I have a Savage .17HMR and to me it sounds just a tad quieter than the 22 magnum I shoot. However it is so close I don't think most people could tell the difference. If the game you mentioned is going to be shot at 50 yards or less I would think about subsonic loads in a 22 LR. Very low on the noise side and plenty of power and accuracy out to 50 yards. I shoot Remington, CCI, and PMC subsonic when squirrel hunting and the noise doesn't spook the game at all.
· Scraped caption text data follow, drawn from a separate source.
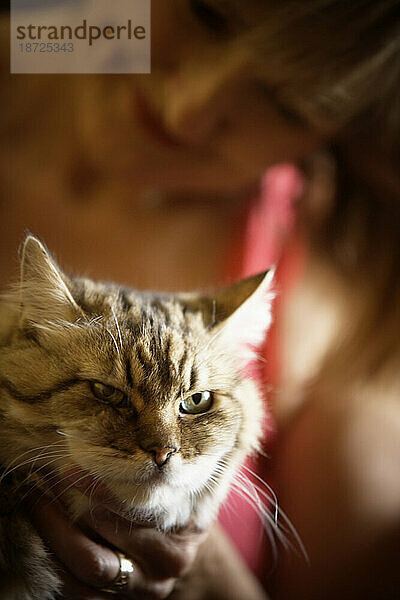 Eine Frau hält liebevoll ihre Katze.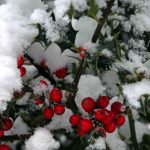 Holly in snow - winter colour from the Weatherstaff PlantingPlanner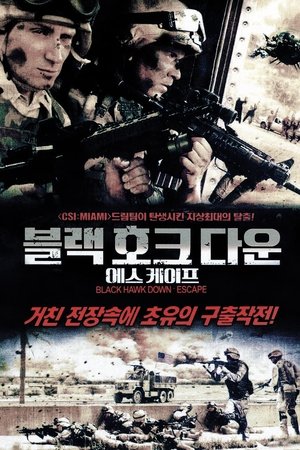 poster Black Hawk Down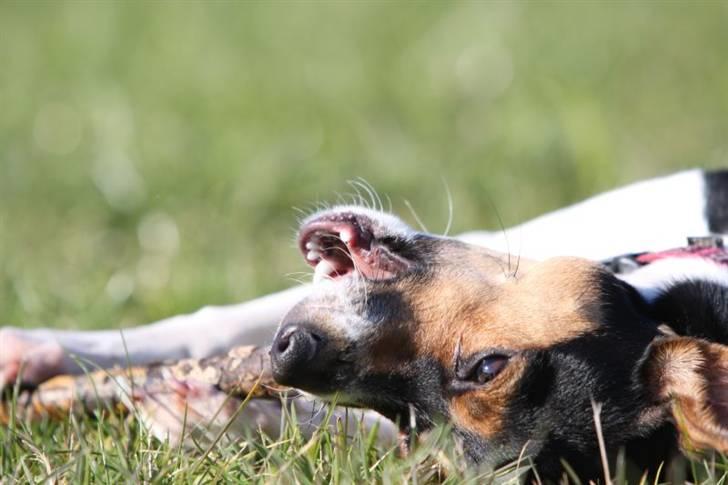 Dansk svensk gaardhund Pixel  <3 - 18 Oktober 2009 billede 17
Keep in mind if you plan on eating anything you hunt the .17HMR is not a good choice unless you can consistently make head shots which really isn't that difficult with the .17 plus it is a lot of fun on those 100-150 yard shots.


----------



## Militant_Tiger

waderoo said:


> It does have more of a pop to it than a 22 mag. but i don't wear ear plugs when i am shooting mine if i am out in the open. At the range under the roof and on top of the concrete floor i wear ear plugs.
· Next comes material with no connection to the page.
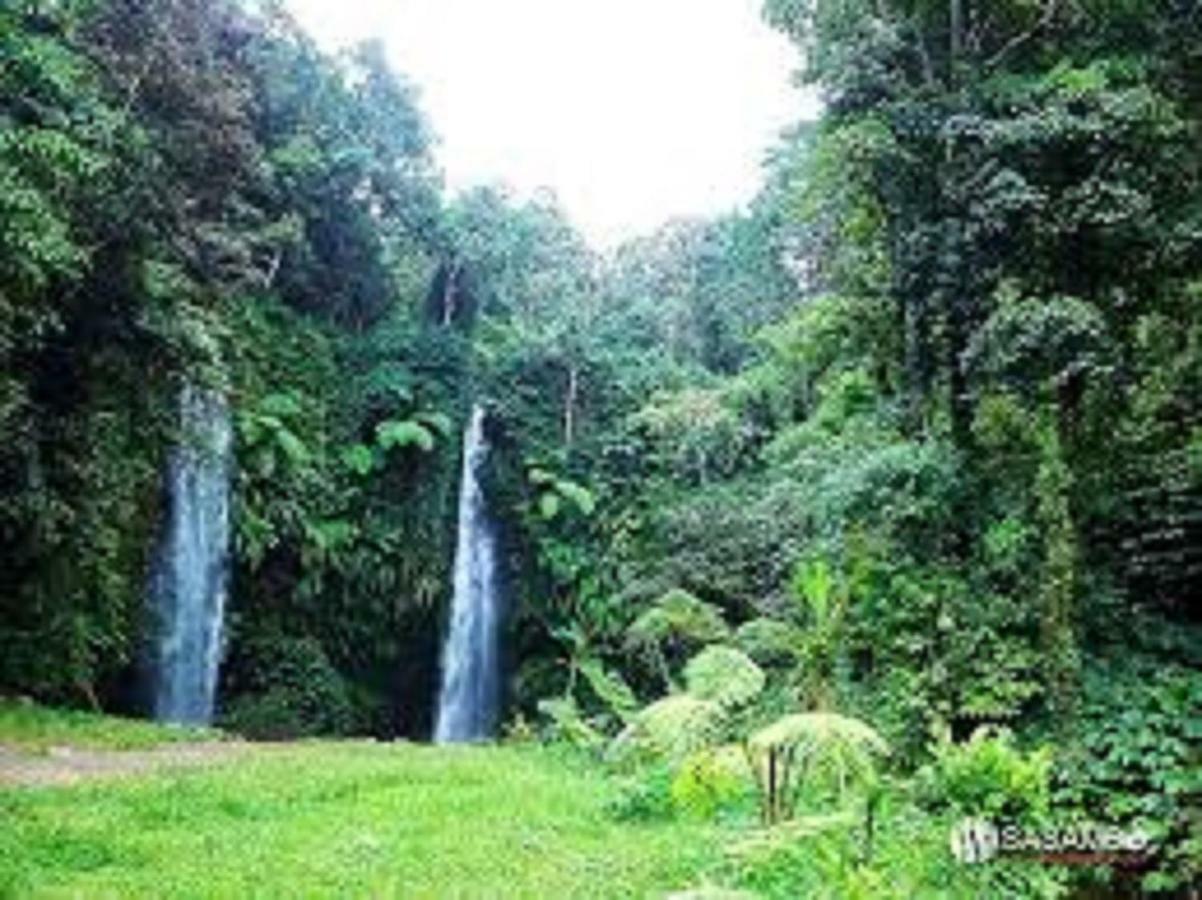 Tereng Wilis Jungle Inn Tetebatu Ngoại thất bức ảnh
You should really reconsider that, .22 LR high velocity rounds can do damage to unprotected ears much less the 17.


----------



## Gohon

> You should really reconsider that, .22 LR high velocity rounds can do damage to unprotected ears much less the 17.
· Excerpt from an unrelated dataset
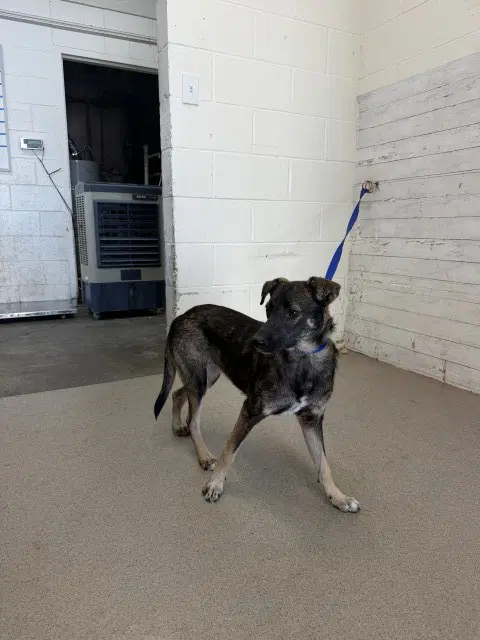 Tango - Belgian Shepherd Malinois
I'm sure you understood that he said "when out in the open" which usually means in the field, and I'm aware your not old enough to legally own or fire a gun without adult supervision but on those times a adult does allow you to accompany then out in the field hunting, do you wear ear plugs????????


----------



## coyote fever

OH it's awefull i have never had my ears ring so bad. NOT actually it is not any louder than my 22wmr, and with very little recoil or almost none at all it is great. i bought the savage model with synthetic stock and even with the scope and bipod i can still shoot offhand without any problem.


----------



## The Verminator

Well.....I went and bought a Savage 93R17-F and I'm thoroughly glad I did! It's a blast to shoot.....in more ways than one! I think I'll stick to the sub-sonic 22 short for drilling squirrels and racoons in my back yard since that .17 HMR definately has a sharp _"crack"_ to it!  (We live on the edge of town, but it's still inside city limits....)


----------



## Gohon

> Well.....I went and bought a Savage 93R17-F


I have basically the same gun but have the 93R17-FV. I have a ball shooting this gun and find myself carrying it around more than I thought. If you really want to improve the gun a little trigger work is required. You can buy a drop in trigger replacement or do as I did and simply make the changes posted at this link. http://www.rimfirecentral.com/forums/sh ... hp?t=74131

I went one step farther and changed the trigger spring that everyone was doing on their marlin as it is the same spring as the Savage. Since I already had the trigger apart it was just a simple matter of making the switch. The link for the spring type is http://www.rimfirecentral.com/forums/sh ... ermate+pen
You may have to shop around to find that paticular papermate pen as it is the only one that has the correct size spring. With what I did I suspect my trigger pull is down around 3 pounds, maybe 3.5 pounds.


----------



## stealth hunter

17hmr are not that loud they are at least the same noise compacity of a 22. i would know i have one
:sniper:


----------



## stealth hunter

consider this u don't have to have earplugs for 22. and 17. but it just helps in the future in the long run with your hearing 
:beer:
quick question what is the best rifle to use in coyote hunting
:sniper:


----------



## zogman

Check back on previous threads and posts. Hundreds of opinios on that question............


----------